Idowu Sonola, a printer based in Lagos underscores Ayinla’s point: “I would only beg the new governor to help us with light. Power supply is very important for the people of Lagos State. Here you have many people needing light to survive in their work. I am a printer and I spend so much buying fuel to generate power. If the governor comes on board, I would like him to help us generate power so we can save money we now spend on fuel.” Indeed, both Ayinla and Sonola vividly capture the mood of Nigerians on the vexed issue of inadequate supply of electricity on which governments have spent billions of naira with nothing much to show for it. Government’s accumulated failure in the sector has reversed the country’s industrial growth thus upsetting its socio-economic landscape.

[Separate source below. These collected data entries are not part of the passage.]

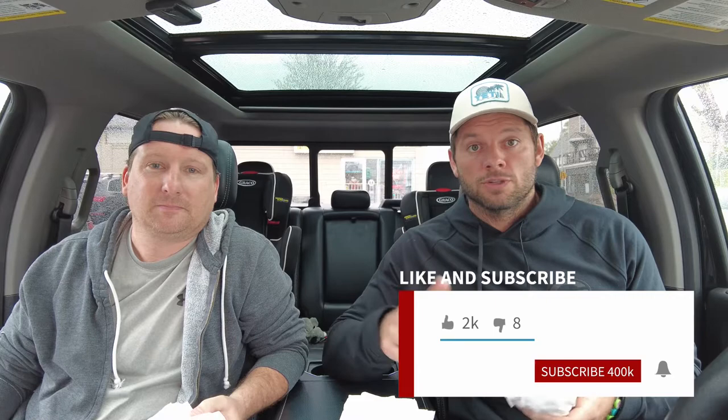Before we even take this out of the wrapper — if you guys are liking these burger reviews, please hit that like button and make sure to subscribe to the Burger Report so you don't miss any awesome burger reviews. We're on a quest to find the best burger, starting here in the heart of West Michigan, and eventually we'll branch out — but right now it's all about finding the best burger in our backyard.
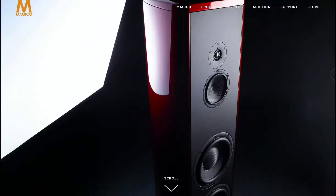Magico just launched a massive loudspeaker called the S5, priced at $75,000. This is the company's third generation loudspeaker — insanely expensive, and only big buyers can afford it. Magico is like the Ferrari brand of the audio business, making high-end loudspeakers that very few people can afford.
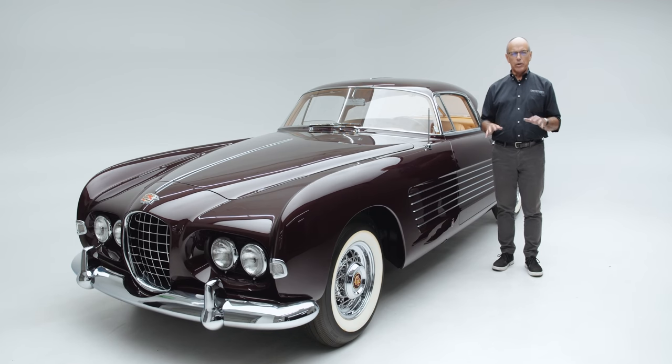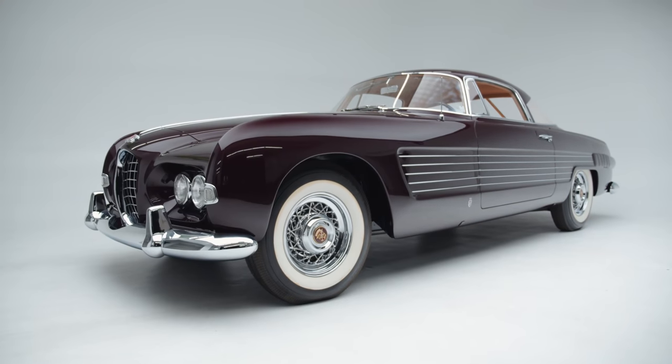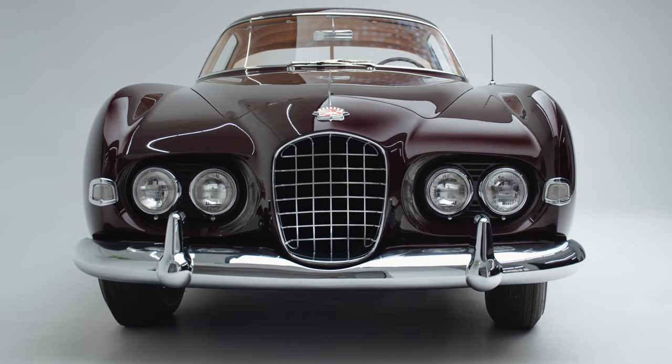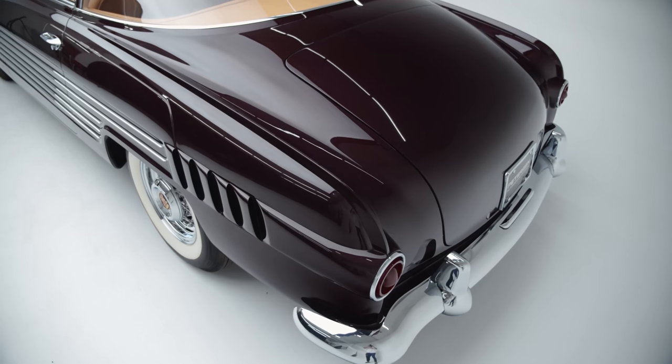During the 1930s, when you had a very expensive car, normally you bought just the chassis from the manufacturer and then had the body made by a coach builder. In the early post-war era that was still possible, and in 1953 Ghia took possession of two Cadillac chassis on which they put very special bodywork — and this is one of those two.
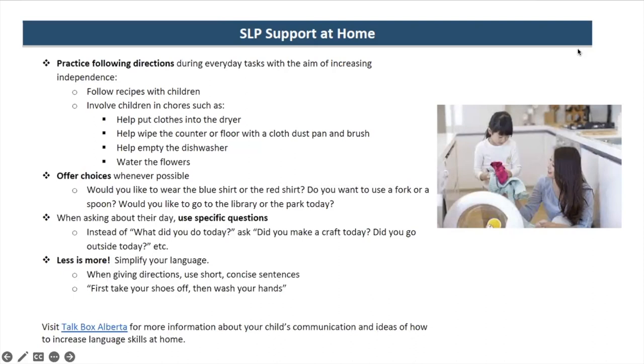I've included a link to TalkBox Alberta — just Google 'TalkBox Alberta' if the link doesn't work. I really love this site and have used it myself as a parent. It has activities you can do at home and tons of information about developmental milestones expected at certain ages. It's very specific and organized by topic, and it's based in Alberta, which is great.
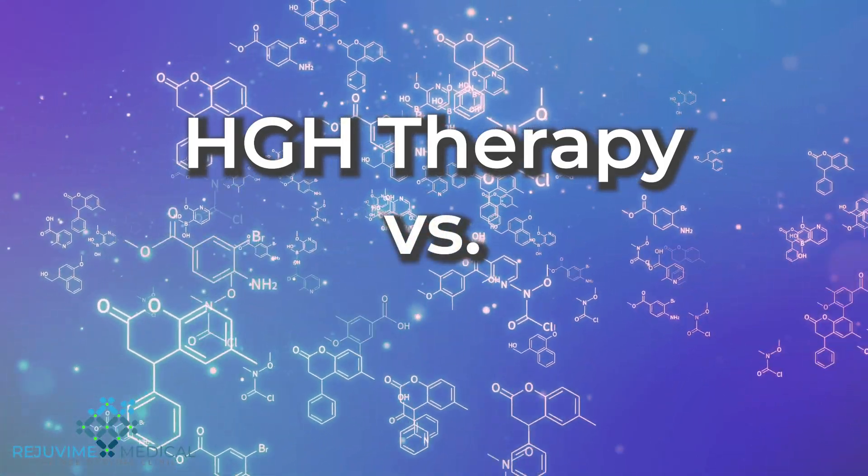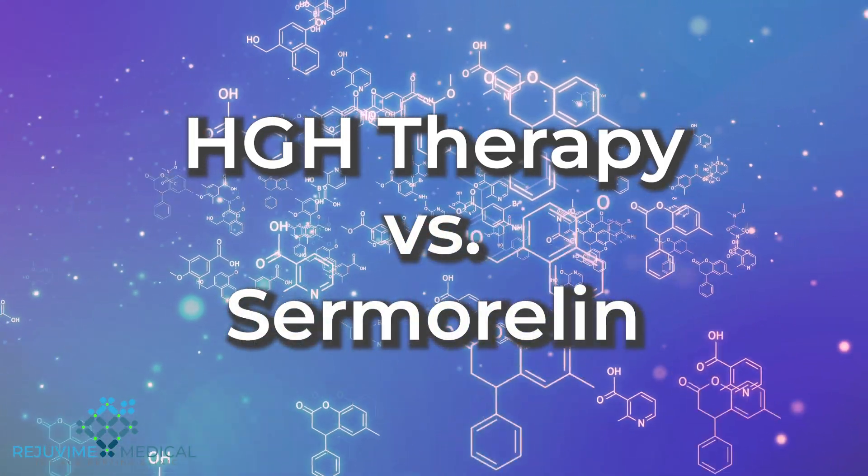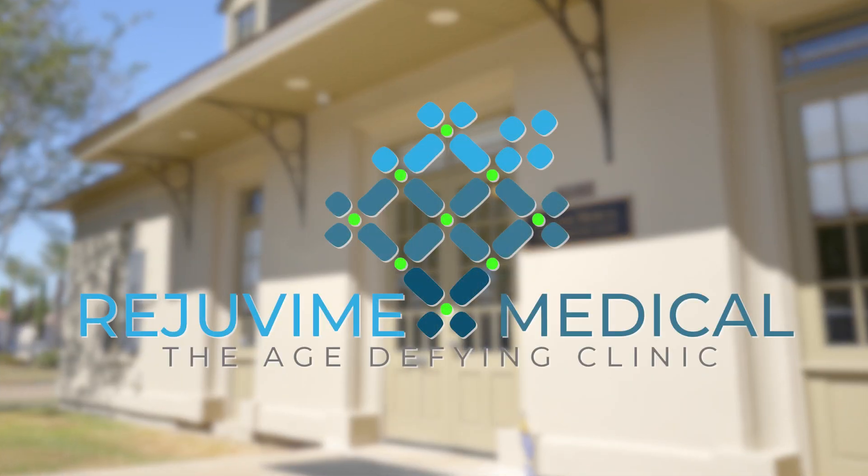So what's the difference between HGH therapy and Samorlan? Let's break it down. Hey everyone, I'm Bree, one of the medical providers here at Rejuvene Medical in Baton Rouge.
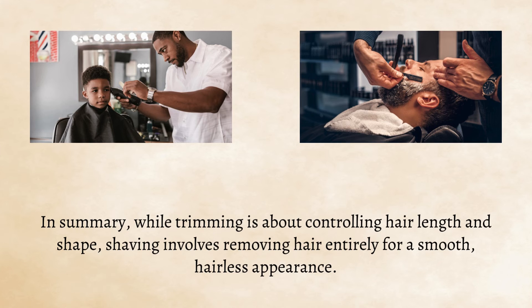In summary, while trimming is about controlling hair length and shape, shaving involves removing hair entirely for a smooth, hairless appearance.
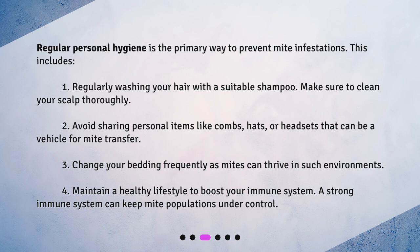2. Avoid sharing personal items like combs, hats, or headsets that can be a vehicle for mite transfer. 3. Change your bedding frequently as mites can thrive in such environments. 4. Maintain a healthy lifestyle to boost your immune system. A strong immune system can keep mite populations under control.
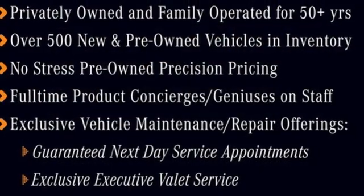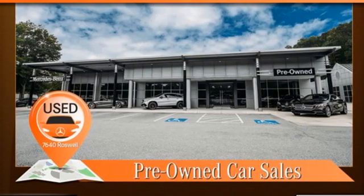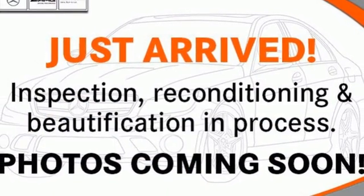wireless phone connectivity, leather steering wheel, AM FM stereo radio, manual tilting steering column, garage door transmitter, and external memory control.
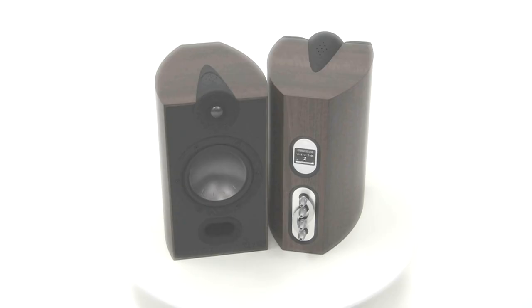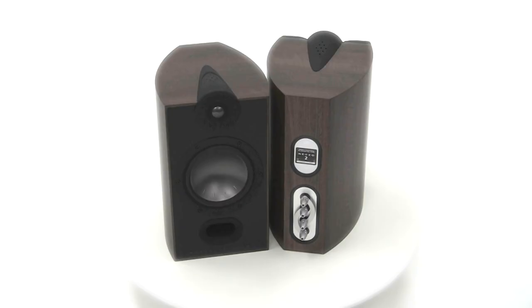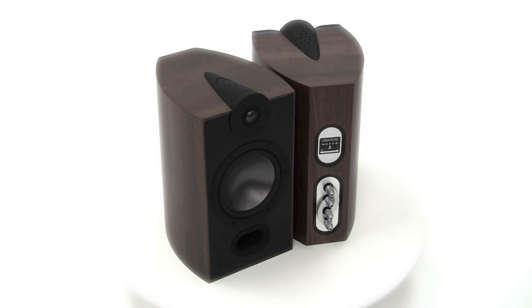The Mezzo 2 stand-mount speaker is ideal for truly wonderful stereo, producing a performance that's not normally possible from such a small speaker. It's so lifelike that if you shut your eyes, you could be in the front row.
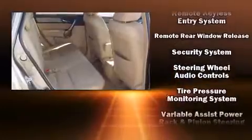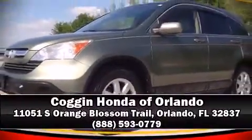A Carfax history report provides you peace of mind by detailing information related to past owners and service records. Please don't hesitate to give us a call.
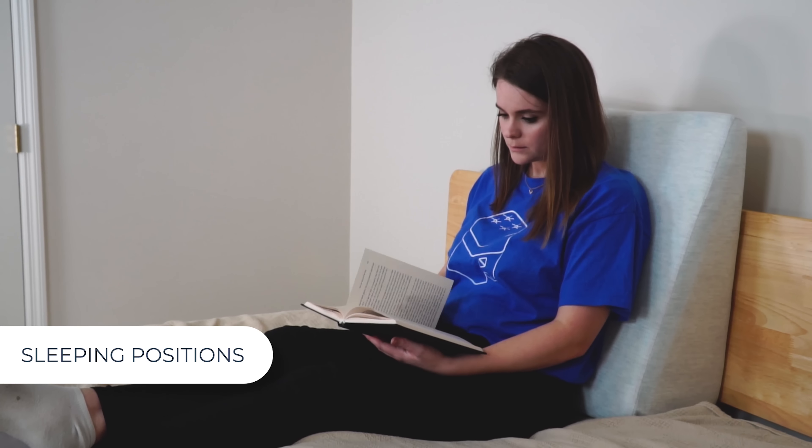Who will love this Helix wedge pillow? First, people who suffer from neck or back pain should find it helps reduce pressure. Next, people who snore, experience sleep apnea, or have difficulty breathing should find that sleeping at an incline helps maintain an open airway. And finally, people who struggle with heartburn or acid reflux may find that elevating the head and neck overnight allows gravity to keep acid from rising up the esophagus and causing that awful burning sensation.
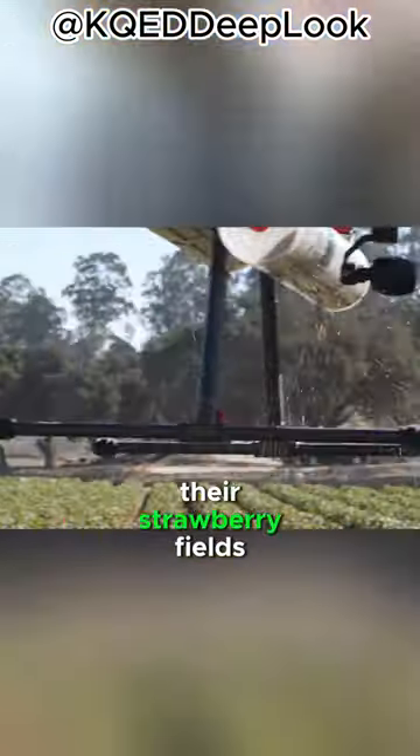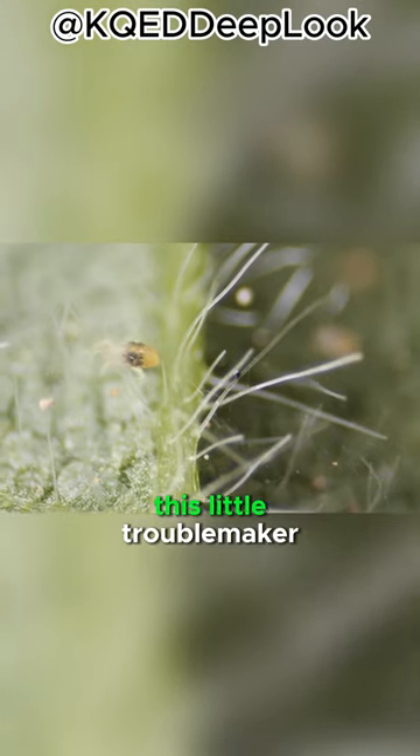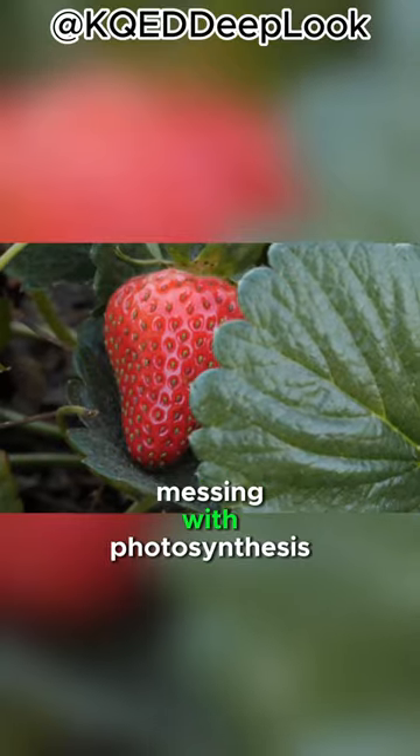Why do farmers shower their strawberry fields with these tiny mites? Well, it's all about this little troublemaker, the two-spotted spider mite, a wee arachnid that slurps up the juices from strawberry leaves, messing with photosynthesis.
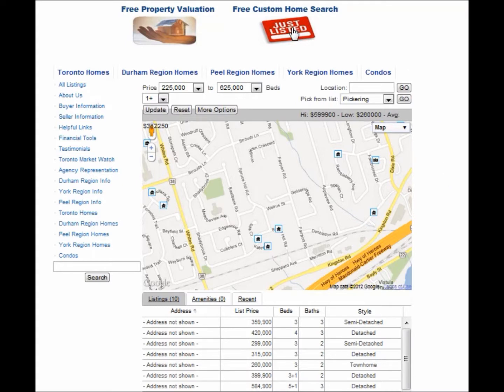If you're interested in receiving newly listed properties, click here on Just Listed, and you can receive listings based on your criteria.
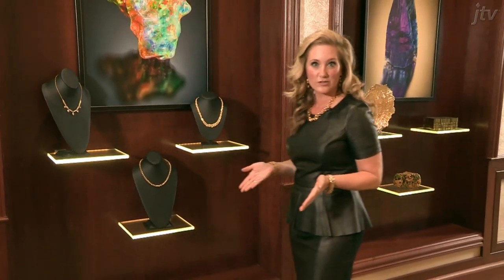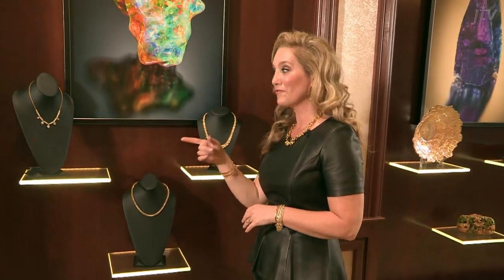With so many gorgeous gold styles, it can be tough to choose. So go ahead and find a favorite, or two, or three, or four.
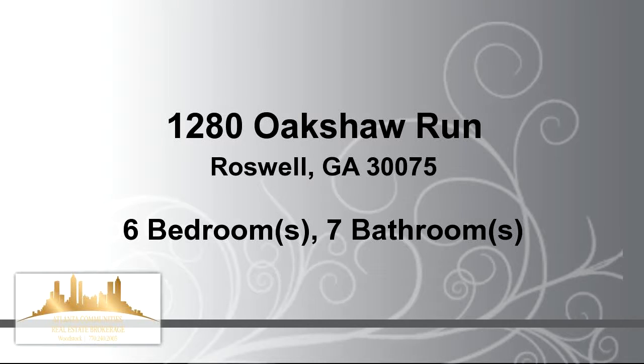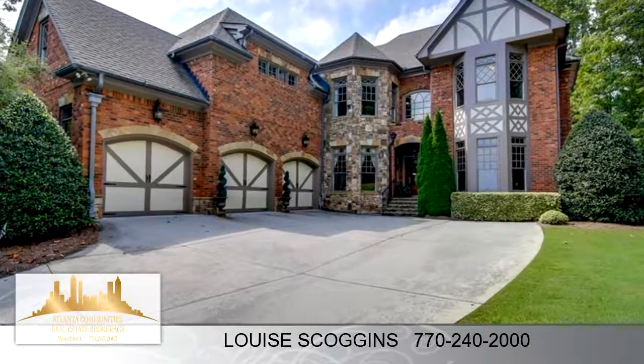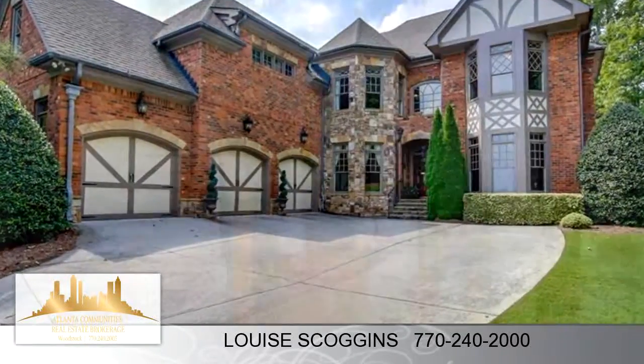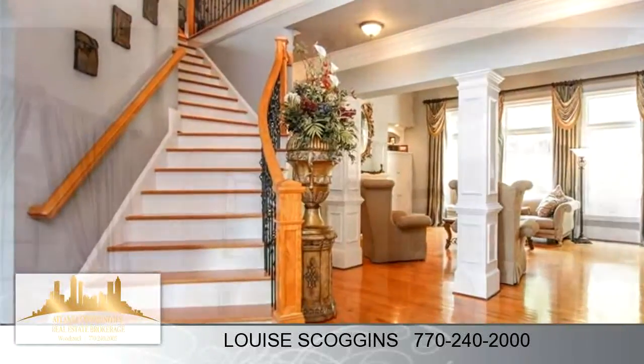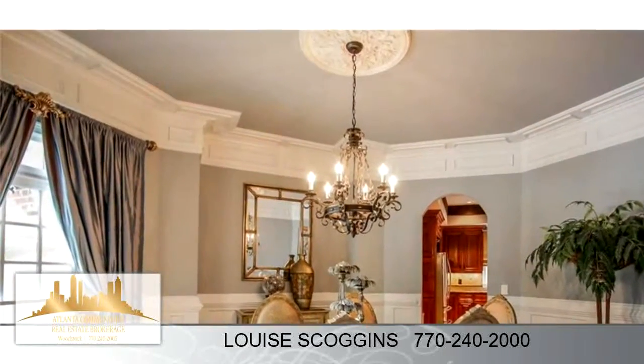Thanks for your consideration. Let's take a look around. This incredible residence is 4,344 square feet, features 6 bedrooms with 6 bathrooms and 1 half bathroom.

Issues such as education, health, provision of infrastructure such as good roads, housing and rural development are among sources of concern to the average Nigerian. And these are items on the concurrent legislative lists over which both the federal and state governments can constitutionally legislate with the aim of impacting positively on the lives of the people. Many Nigerians yearn for the day when governors would go beyond mouthing rhetoric on these sensitive issues. In most states, the neglect of the sector is shown in dilapidated structures, non-payment of salaries and general lack of incentives for teachers and other stakeholders in the sector. This has brought about a fall in standards and this is partly responsible for the inability of many of the ‘illiterate’ graduates the higher institutions churn out, to get jobs. This is why Yomi Oguntoye, director of Information and Communication Technology, ICT, University of Agriculture, Abeokuta and Ugo Stevenson, an Owerri-based theatre arts practitioner, ask in-coming governors in their respective states to focus more on quality education while looking into how its costs could be reduced to give opportunity to the downtrodden people.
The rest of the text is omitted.